Enfin, ma troisième recommandation est de demander la remontée du financement de la coopération structurelle par les crédits de l'aide publique au développement (programme 209). Pourquoi une telle demande ? La coopération structurelle renforce les capacités des États partenaires dans les domaines de la sécurité intérieure et de la protection civile, pour près de 17 millions d'euros, pris sur le programme 105. Ces dépenses sont éligibles à l'aide publique au développement, les crédits prévus pour la coopération structurelle dans ce programme, c'est-à-dire le Fonds de solidarité pour les projets innovants, doivent être augmentés à due concurrence pour atteindre 19,5 millions (au lieu de 2,5 millions actuellement). La loi d'orientation et de programmation de l'aide publique au développement doit prévoir cette évolution et ainsi permettre d'assurer le financement du continuum entre la sécurité et le développement.

Enfin, j'en viens à la sécurité des implantations diplomatiques, consulaires et culturelles. En 2019, les crédits budgétaires diminuent nettement, passant de 75 à 44 millions d'euros. Cette réduction de crédits est compensée par une avance de 100 millions d'euros sur deux ans. Ainsi, le plan de sécurisation sera financé par une avance du compte d'affectation spéciale « gestion du patrimoine immobilier de l'État » 723, qui est géré par le ministère de l'Action et des Comptes publics.

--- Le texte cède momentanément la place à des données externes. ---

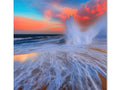 A photo print of a beautiful sunset with blue and pink ocean waves.
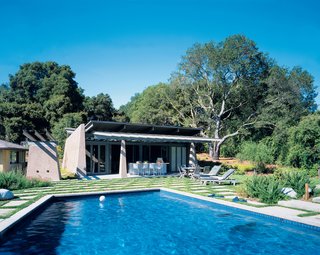 Colored concrete walls, pivoting glass doors, and a scissor-shaped steel roof maintain the fun and modern feel of this computer-game designer’s suburban poolside shelter.<br><br>Project: Traeger Pool House<br><br>Architect: Dan Phipps Architects<br><br>Location: Woodside, California
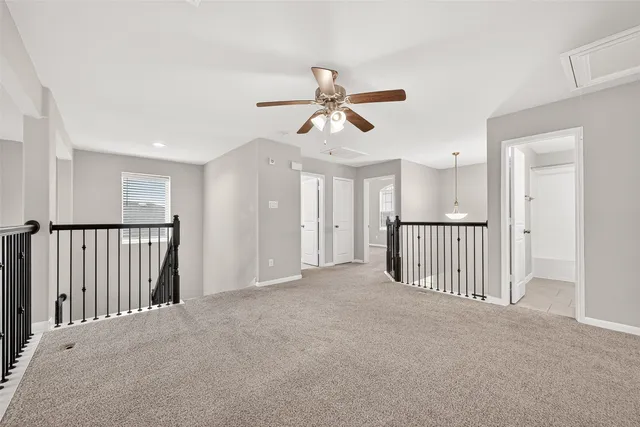a view of a hallway with a chandelier fan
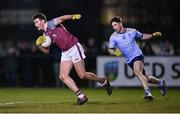 19 January 2023; Ger Davoren of University of Galway in action against Luke Breathnach of UCD during the Electric Ireland Higher Education GAA Sigerson Cup Round 2 match between University College Dublin and University of Galway at Billings Park in Belfield, Dublin. Photo by Seb Daly/Sportsfile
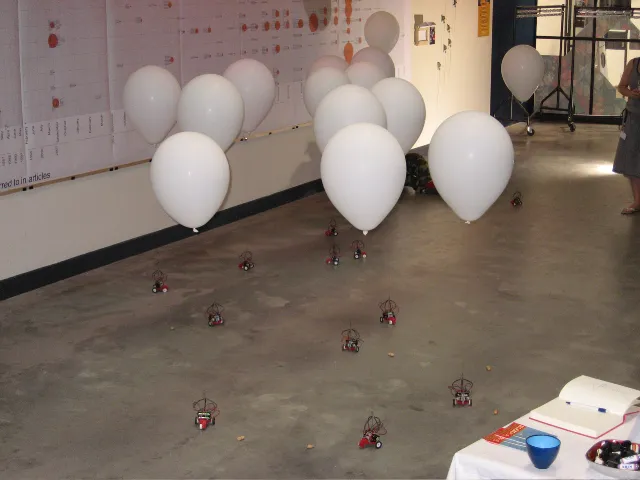The installation in a gallery with a large chart on the wall: balloons floating above the robots on a concrete floor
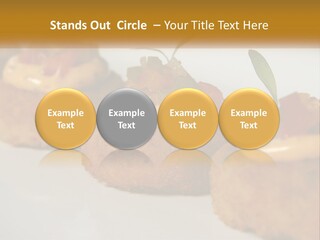 A White Plate Topped With Mini Cakes Covered In Toppings PowerPoint Template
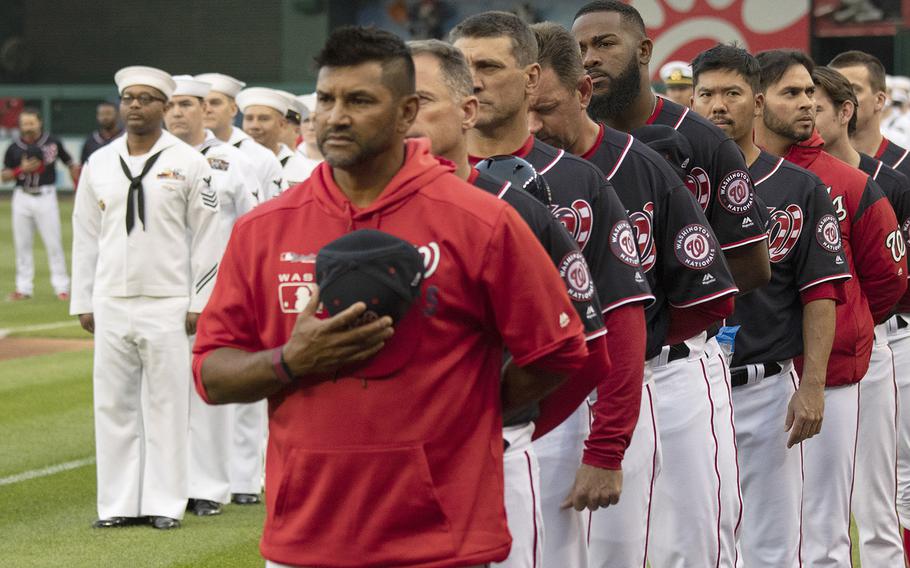 Washington Nationals manager Dave Martinez and his coaches and players stand for the national anthem during Navy Night ceremonies at Nationals Park in Washington, D.C., May 1, 2019.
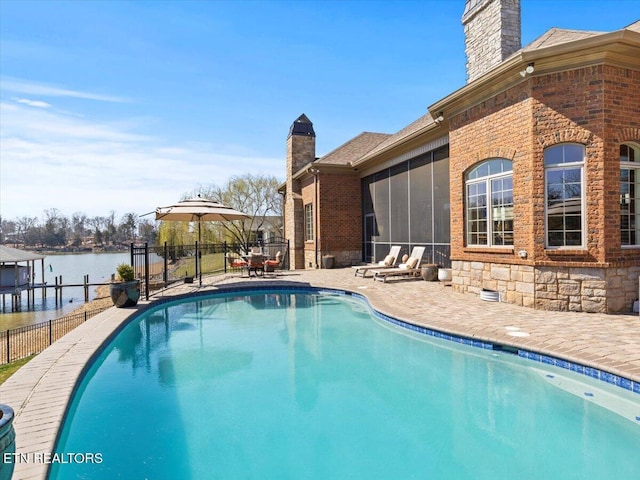 view of pool with a fenced in pool, a water view, fence, a sunroom, and a patio area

Ce mode de financement pose des questions sur le niveau de dépenses annoncé. Il est prévu de consacrer 100 millions d'euros sur les deux prochaines années aux dépenses de sécurisation alors qu'en 2017 et en 2018 une sous-exécution d'environ 10 millions d'euros a été observée. Il serait souhaitable qu'un programme d'investissement soit rapidement défini afin que les crédits prévus soient utilisés de façon judicieuse.

Cette réforme ne fonctionnera que si la charte de gestion du compte d'affectation spéciale est modifiée. Les dépenses éligibles doivent être étendues, notamment aux systèmes de vidéo-surveillance, outil essentiel de la mise en sécurité des emprises à l'étranger (actuellement non éligible).

Enfin, nous devrons être attentifs aux modalités de remboursement de l'avance. Le remboursement sera financé par la vente des biens immobiliers situés à l'étranger du ministère. Il doit s'échelonner de 2021 à 2025.

Or, la question se pose dans la mesure où le produit des cessions en 2017 et en 2018 était de l'ordre de 30 millions d'euros ce qui correspond d'ailleurs aux prévisions pour 2019. Dans ce contexte, le remboursement de la dépense prendrait plus de trois ans et grèverait totalement la capacité du ministère des affaires étrangères de financer par les produits de cessions d'autres investissements sur cette durée.

Le mécanisme d'avance mis en place ne doit en aucun cas donner au ministère de l'action et des comptes publics la tentation de s'immiscer dans la programmation des cessions du Quai d'Orsay. Celui-ci ne doit pas se trouver contraint de céder certaines emprises à l'étranger pour rembourser l'avance du CAS. En effet, la politique d'implantation à l'étranger de l'État ne doit en aucun cas dépendre d'abord de considérations économiques.

Les enjeux d'influence et de rayonnement ne doivent pas être relégués au second rang, ils doivent au contraire rester l'élément central des décisions prises dans ce domaine.

Mes chers collègues, sous réserves de ces remarques, je vous propose d'adopter les crédits du programme 105.